George Whitefield, the English itinerant preacher who helped spark the Great Awakening, was an essential supporter of Eleazar Wheelock’s project. Whitefield studied at Pembroke College, Oxford, where he met the pioneers of Methodism, John and Charles Wesley. He was ordained in 1736, and he made the first of his seven trips to America two years later. While abroad in 1740, Whitefield founded an orphanage in Georgia, and went on a preaching tour during which he met Wheelock and spread ideals that prompted the Great Awakening. Although Whitefield was ordained in the Church of England, his enthusiastic preaching style and charismatic personality made him a controversial figure, and traditional clergyman on both sides of the Atlantic censured him. Nonetheless, he continued to be an important contact and friend of Wheelock’s, and his dedication to Wheelock’s vision was evident. He contributed money to the cause, secured various other funders, and donated an eighty-pound prayer bell to the school. More importantly, Whitefield not only suggested to Wheelock the idea of a fundraising tour in Great Britain, he hosted Occom and Whitaker shortly after they arrived in England, provided a house for them to reside in for the remainder of their tour, and introduced the pair to influential figures such as William Legge, the Earl of Dartmouth. Whitefield tabernacle’s was the setting of Occom’s first sermon in England on February 16, 1766, and many believe that Whitefield wrote the introduction to a pamphlet printed in London during the campaign (although he was not credited). Whitefield continued to be involved in Wheelock’s work until he died in Newburyport, MA in September of 1770.

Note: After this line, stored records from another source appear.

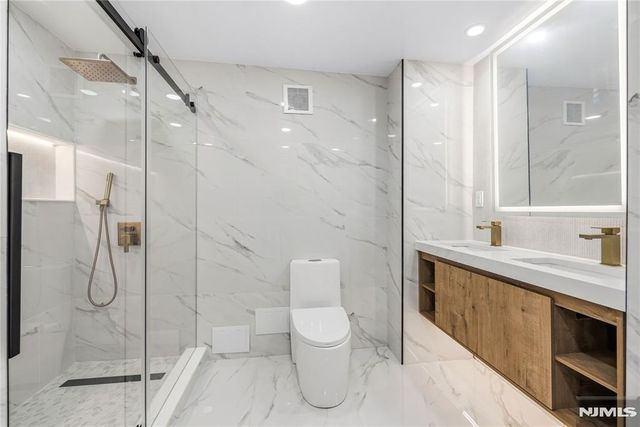 300 Winston 2617, Cliffside Park, NJ 07010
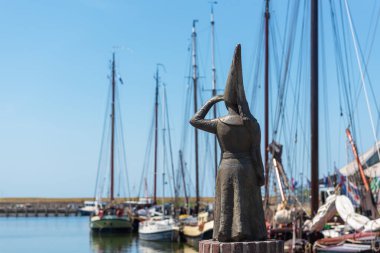 STAVOREN, FRIESLAND / The NETHERLANDS - 11 Temmuz 2020: Şehrin limanındaki ünlü Stavoren Anıtı 'nın arka görüntüsü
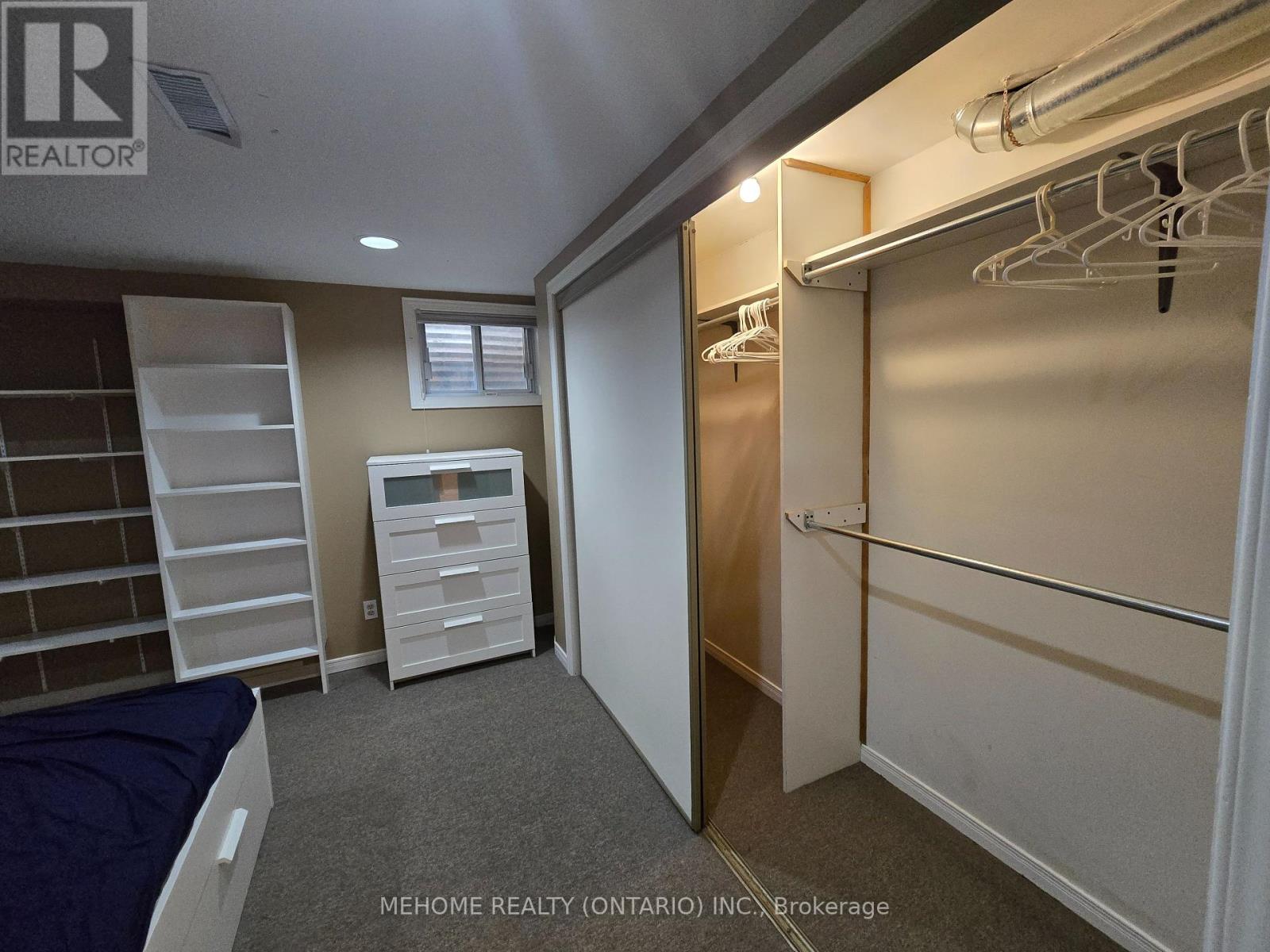 Lower Unit - 121 Angus Drive, Toronto, Ontario  M2J 2W9 - Photo 12 - C12445856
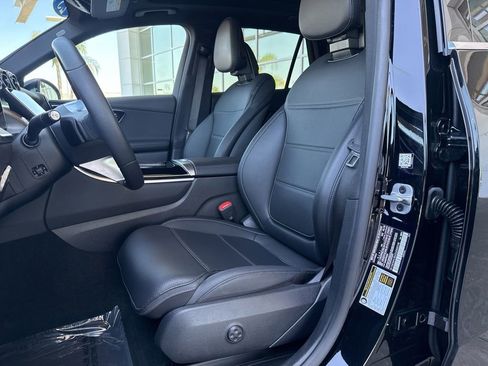 Used 2025 Mercedes-Benz GLC 300 image 10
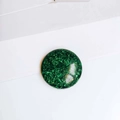 Support téléphone en résine vert émeraude avec paillettes dorées sur fond blanc - Style Feuille d'Or Vert Émeraude (2#)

Solomon Williams was a Congregationalist pastor in Lebanon, CT from 1722 until his death in 1776. As pastor at Lebanon, Williams rose to prominence as a theologian and engaged in extensive correspondence and debate with some of the most eminent minds of the day. He was one of the rare truly moderate New Lights during the Great Awakening: he managed to maintain the respect of both Charles Chauncy, the rabid anti-revivalist, and George Whitefield, the famous evangelical. Williams also established a library in Lebanon and a very well-known grammar school, which became something of a feeder for Yale. Williams supported Eleazar Wheelock and Moor’s Indian Charity School through much of the 1750s and 1760s. He was something of a mentor to Samson Occom, and he became president of Wheelock’s Connecticut Board of the Society in Scotland for Propagating Christian Knowledge (SSPCK). It is unclear why Williams is not named as a trustee of Moor’s in Wheelock’s 1768 will; perhaps Wheelock feared that Williams would not outlive him. Williams continued to run the Connecticut Board even after Wheelock relocated to New Hampshire in 1770. Despite the SSPCK’s disappointment in Wheelock, Williams and Wheelock seem to have remained on cordial terms. Their correspondence ceased in 1772, after Wheelock tried (and failed) to open a New Hampshire Board to replace the one in Connecticut (with, it might be added, the Connecticut Board’s blessing).
Titus Smith was a Yale graduate whom Wheelock trained and ordained as a missionary and sent to the Six Nations with the 1765 mission. Together with Theophilus Chamberlain, a Yale student with whom he was examined and ordained, Smith led the band of newly-examined schoolteachers and ushers into the Six Nations to set up day schools. After Ebenezer Moseley replaced him, Smith retired from the missionary life and became an itinerant preacher in Connecticut until 1768, when he converted to Sandemanianism and was re-ordained. Because of his religion (Sandemanians opposed violence), as well as his Tory politics, Smith found himself in danger when the Revolution broke out. His family fled to Long Island, and from there to Halifax, Nova Scotia, where Smith lived out his remaining years.